→ Source records:
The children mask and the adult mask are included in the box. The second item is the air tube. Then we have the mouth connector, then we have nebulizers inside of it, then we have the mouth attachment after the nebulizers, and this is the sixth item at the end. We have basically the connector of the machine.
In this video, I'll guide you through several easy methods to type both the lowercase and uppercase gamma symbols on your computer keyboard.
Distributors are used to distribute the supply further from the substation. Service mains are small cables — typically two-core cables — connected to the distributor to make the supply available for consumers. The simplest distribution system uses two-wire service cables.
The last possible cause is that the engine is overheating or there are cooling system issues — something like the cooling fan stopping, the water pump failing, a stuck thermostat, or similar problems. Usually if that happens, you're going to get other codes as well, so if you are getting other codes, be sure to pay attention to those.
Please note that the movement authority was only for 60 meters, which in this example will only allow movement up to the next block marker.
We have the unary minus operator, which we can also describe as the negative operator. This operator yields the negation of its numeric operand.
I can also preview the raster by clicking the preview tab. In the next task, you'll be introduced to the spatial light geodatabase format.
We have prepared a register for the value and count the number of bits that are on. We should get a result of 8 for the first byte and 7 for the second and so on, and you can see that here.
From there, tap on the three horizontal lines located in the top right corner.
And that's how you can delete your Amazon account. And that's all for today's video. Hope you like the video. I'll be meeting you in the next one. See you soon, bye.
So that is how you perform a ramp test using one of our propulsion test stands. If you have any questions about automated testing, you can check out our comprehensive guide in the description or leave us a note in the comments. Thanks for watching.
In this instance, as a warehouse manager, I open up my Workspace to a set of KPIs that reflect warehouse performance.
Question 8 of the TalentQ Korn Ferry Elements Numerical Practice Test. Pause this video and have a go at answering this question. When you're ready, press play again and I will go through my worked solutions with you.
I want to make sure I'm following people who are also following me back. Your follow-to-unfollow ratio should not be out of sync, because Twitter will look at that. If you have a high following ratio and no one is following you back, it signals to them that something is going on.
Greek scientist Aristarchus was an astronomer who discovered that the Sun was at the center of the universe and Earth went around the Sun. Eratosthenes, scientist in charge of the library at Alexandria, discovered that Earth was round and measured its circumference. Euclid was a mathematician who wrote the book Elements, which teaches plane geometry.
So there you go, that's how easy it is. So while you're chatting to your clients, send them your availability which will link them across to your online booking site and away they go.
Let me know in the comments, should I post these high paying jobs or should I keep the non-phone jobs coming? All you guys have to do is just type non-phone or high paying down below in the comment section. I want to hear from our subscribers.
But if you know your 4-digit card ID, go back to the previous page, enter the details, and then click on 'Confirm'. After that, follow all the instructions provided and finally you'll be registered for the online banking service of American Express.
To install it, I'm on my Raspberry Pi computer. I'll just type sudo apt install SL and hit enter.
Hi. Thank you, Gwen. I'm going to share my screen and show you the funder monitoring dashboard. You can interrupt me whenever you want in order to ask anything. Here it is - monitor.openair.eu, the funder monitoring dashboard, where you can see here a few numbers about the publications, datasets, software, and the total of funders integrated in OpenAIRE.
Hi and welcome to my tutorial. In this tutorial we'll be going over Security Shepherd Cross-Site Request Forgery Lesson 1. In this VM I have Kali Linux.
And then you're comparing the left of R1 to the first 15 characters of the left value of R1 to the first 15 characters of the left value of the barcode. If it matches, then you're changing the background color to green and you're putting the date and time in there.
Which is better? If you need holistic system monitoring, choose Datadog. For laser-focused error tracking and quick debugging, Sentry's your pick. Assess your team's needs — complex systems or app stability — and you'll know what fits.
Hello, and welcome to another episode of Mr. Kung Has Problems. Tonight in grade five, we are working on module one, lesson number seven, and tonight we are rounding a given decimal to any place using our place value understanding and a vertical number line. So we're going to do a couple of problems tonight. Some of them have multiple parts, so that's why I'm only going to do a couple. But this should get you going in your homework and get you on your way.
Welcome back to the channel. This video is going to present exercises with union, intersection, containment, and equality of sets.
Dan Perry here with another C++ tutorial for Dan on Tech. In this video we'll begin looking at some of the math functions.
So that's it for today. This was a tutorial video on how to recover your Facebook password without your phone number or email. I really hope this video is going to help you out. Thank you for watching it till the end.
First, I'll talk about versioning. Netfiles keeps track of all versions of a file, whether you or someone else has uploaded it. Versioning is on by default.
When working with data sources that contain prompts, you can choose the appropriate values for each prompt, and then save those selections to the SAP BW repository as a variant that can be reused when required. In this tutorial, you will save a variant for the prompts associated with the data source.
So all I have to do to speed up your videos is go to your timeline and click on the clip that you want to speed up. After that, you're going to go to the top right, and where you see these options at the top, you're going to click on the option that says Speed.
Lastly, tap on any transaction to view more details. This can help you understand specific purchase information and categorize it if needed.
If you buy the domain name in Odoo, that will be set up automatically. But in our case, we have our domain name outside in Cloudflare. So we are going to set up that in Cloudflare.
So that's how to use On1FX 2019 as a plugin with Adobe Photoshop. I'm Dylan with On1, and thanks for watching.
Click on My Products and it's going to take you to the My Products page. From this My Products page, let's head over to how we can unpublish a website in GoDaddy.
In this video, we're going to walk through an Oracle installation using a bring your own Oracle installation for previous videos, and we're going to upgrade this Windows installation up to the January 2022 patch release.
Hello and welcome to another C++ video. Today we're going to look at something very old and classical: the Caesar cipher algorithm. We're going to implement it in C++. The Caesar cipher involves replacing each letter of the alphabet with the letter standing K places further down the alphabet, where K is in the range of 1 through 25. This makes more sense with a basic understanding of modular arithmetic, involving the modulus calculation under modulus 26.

→ WHAT YOU NEED TO DO: Take the lines above from the one holding "Click on My" to the last and output them exactly.

→ EXERCISE ANSWER:
Click on My Products and it's going to take you to the My Products page. From this My Products page, let's head over to how we can unpublish a website in GoDaddy.
In this video, we're going to walk through an Oracle installation using a bring your own Oracle installation for previous videos, and we're going to upgrade this Windows installation up to the January 2022 patch release.
Hello and welcome to another C++ video. Today we're going to look at something very old and classical: the Caesar cipher algorithm. We're going to implement it in C++. The Caesar cipher involves replacing each letter of the alphabet with the letter standing K places further down the alphabet, where K is in the range of 1 through 25. This makes more sense with a basic understanding of modular arithmetic, involving the modulus calculation under modulus 26.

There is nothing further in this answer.